I posted another story below this about the UN screwing the pooch on Afghanistan as well, when they sacked Peter Galbraith for speaking truth to power about the elections there.
But the real star of this post, is the UN and their criminal work in the Congo. I say criminal, because to sit there and allow these rapes and murders to happen, while standing there with a gun in your hand and calling yourself a peacekeeper, is beyond just incompetence–it is criminal. What happened to the Responsibility to Protect? How do you allow this to continue and say that it is ok, while in the same breath calling yourselves peacekeepers? Some heads need to roll on this one, and some top leadership needs to be held accountable. Or better yet, hire some professionals to do the job right, or don’t do the job at all.-Matt
——————————————————————
UN’s Congo operation under scrutiny
By Harvey Morris at the United Nations
Published: October 18 2009 23:15 | Last updated: October 18 2009 23:15
The strategy of the United Nations’ biggest peacekeeping force is under scrutiny following reports that government forces it is supporting in the Democratic Republic of the Congo have used wide-scale rape and murder as weapons of war.
Abuses committed in a campaign against rebels in the east of the country have been extensively catalogued by human rights organisations.
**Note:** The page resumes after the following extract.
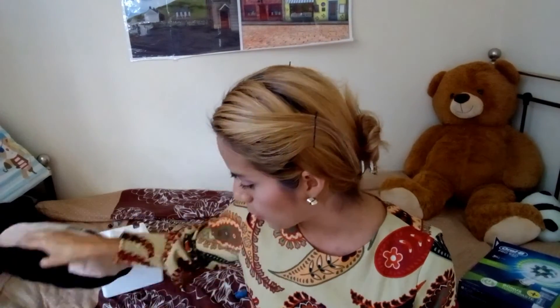Entonces es muy bueno. Recomendadísimo — chicas, chicos, para el que guste, yo se lo recomiendo a millón porque es súper bueno. A mí me encanta, este producto de verdad que me fascina, me gusta muchísimo.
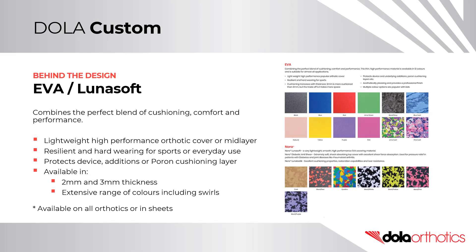EVA and Lunasoft are available in 2mm and 3mm thicknesses, and in an extensive range of colours, including swirls that are very popular with children. They are available on all custom orthotics, prefabricated orthotics, or in sheets.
They have now come to the fore with a claim by one of the UN’s own experts that the results of an 8-month UN-backed offensive have been “catastrophic”.
“Hundreds of thousands have been displaced, thousands raped, hundreds of villages burnt to the ground, and at least 1,000 civilians killed,” Philip Alston, the UN’s special rapporteur on extrajudicial executions, said in a statement last week after a 10-day visit to the DRC.
What Mr Alston termed the “nightmare situation” in the eastern Kivu region underlined the dilemma of peacekeepers required to conduct increasingly robust and proactive mandates handed to them by the UN Security Council with what their commanders often complain are inadequate resources.
In the case of Monuc , the 19,000-strong UN force in the DRC, that has meant cooperating with the frequently badly-trained and undersupplied forces of the government’s army, the FARDC. Many of them are former members of a plethora of rebel movements in the country.
Current operations are aimed at combating the Democratic Forces for the Liberation of Rwanda, a Hutu force formed among those who fled to Congo after perpetrating the 1994 Rwanda genocide.
In a Security Council debate on Friday, Ileka Atoki, DRC envoy to the UN, acknowledged that government elements had been among those implicated.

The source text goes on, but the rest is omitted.